Required action: Starting from the line with "KIPOSTYZTT Blue Butterfly", please copy exactly every line to the end of the listing, but not the pictures.

Recorded information:
»»
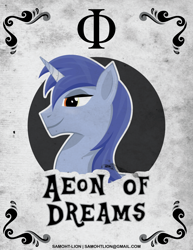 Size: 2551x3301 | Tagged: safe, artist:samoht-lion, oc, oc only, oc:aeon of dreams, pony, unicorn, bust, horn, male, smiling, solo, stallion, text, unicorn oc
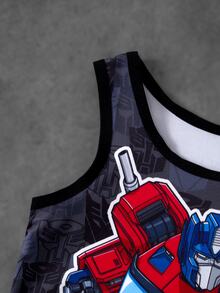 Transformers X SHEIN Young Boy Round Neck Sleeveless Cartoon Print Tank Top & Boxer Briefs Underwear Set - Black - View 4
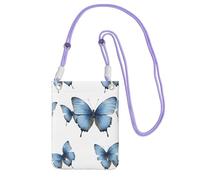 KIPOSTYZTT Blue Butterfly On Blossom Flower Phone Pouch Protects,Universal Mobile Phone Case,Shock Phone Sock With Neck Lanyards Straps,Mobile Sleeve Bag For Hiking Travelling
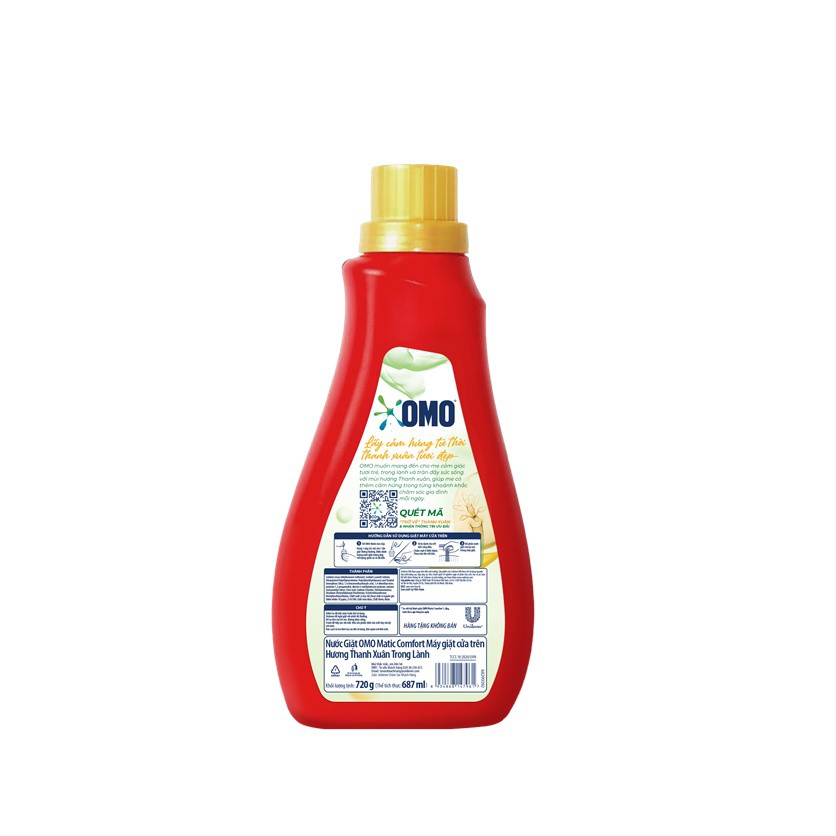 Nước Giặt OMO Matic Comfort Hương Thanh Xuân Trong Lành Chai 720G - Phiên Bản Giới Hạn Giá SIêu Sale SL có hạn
««
Solution to this problem:
 KIPOSTYZTT Blue Butterfly On Blossom Flower Phone Pouch Protects,Universal Mobile Phone Case,Shock Phone Sock With Neck Lanyards Straps,Mobile Sleeve Bag For Hiking Travelling
 Nước Giặt OMO Matic Comfort Hương Thanh Xuân Trong Lành Chai 720G - Phiên Bản Giới Hạn Giá SIêu Sale SL có hạn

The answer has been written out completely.